The 1958 National Child Development Survey, a longitudinal study tracking a group of individuals born in a single week in 1958.
Data on UK cities’ population, employment, geography, extracted from various ONS tables.
“The ICCSR UK Environmental & Financial Dataset, is a large panel data set on a a sample of firms, giving a set of ratings on “community and environmental responsibility”; merged to a set of financial variables on these firms, collected from Datastream
Exchange rates between the US dollar, the British pound, Australian dollar, Canadian dollar and Swiss franc, for the period 1975-2010, from the OECD Main Economic Indicators database.
The World Bank Development Indicator database (2013); 210 countries over a 20-year period from 1991-2010
65 banks over 8 years from BankScope (profitability measures, etc)
6.8 Understanding your data
Present simple statistics and graphics on your data before doing more involved analyses.
6.9 What does data look like (brief)
6.9.1 Observations, variables
Each “unit” is an observation. Think of these as the rows of a spreadsheet.Every unit will have values for each of the “variables”. You may create new variables from transformations and combinations of the variables.You may limit your analysis to a subset of the observations for justifiable reasons. Your analysis may need to drop some observations, e.g., with missing variables (but be careful).

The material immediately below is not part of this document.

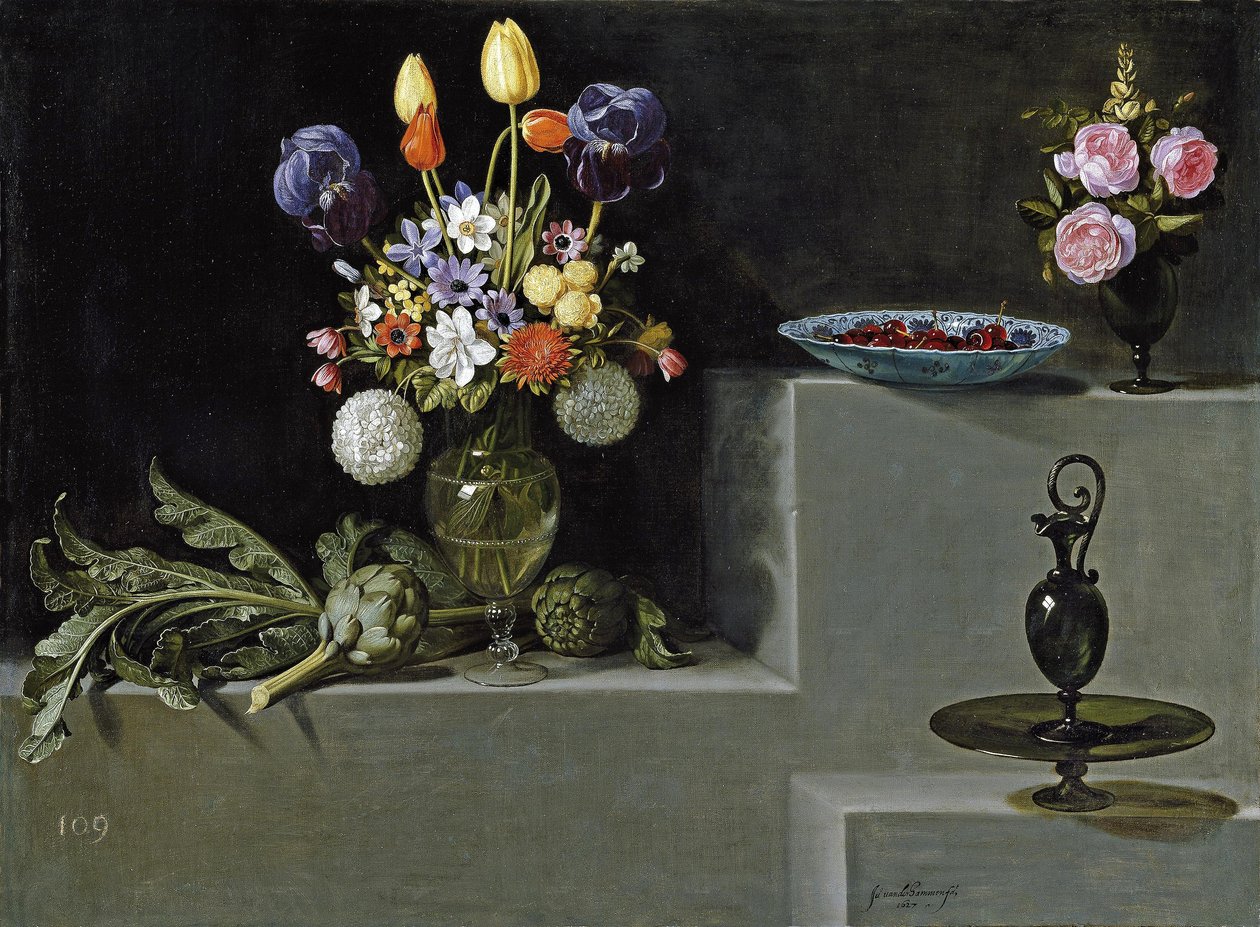 Stilleben med blomster, artisjokker, kirsebær og glassvarer Español av Juan van der Hamen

6.9.2 Cross-sectional, time-series, and panel data
6.9.3 String and numeric variables
String variables are text. In their raw form, they usually have quotes (“john smith”,) around them.
Numeric variables can be integers, “floats”, etc, stored in various forms. They are numbers.
Most statistical packages and programming languages treats these two types of variables differently, with a different “syntax” and different commands for each. Be careful.
There are many other data types, with some variation in how these are categorised and stored between languages. E.g.,
‘Factor’ variables (categorical, ordinal)
Logical (true/false)
Date and time variables
6.10 Doing an econometric analysis
(see previous notes on using data)
Which techniques
You may not be able to use the “ideal” estimation technique; it may be too advanced. But try to be aware (and able to explain) of the strengths and weaknesses of your econometric approach.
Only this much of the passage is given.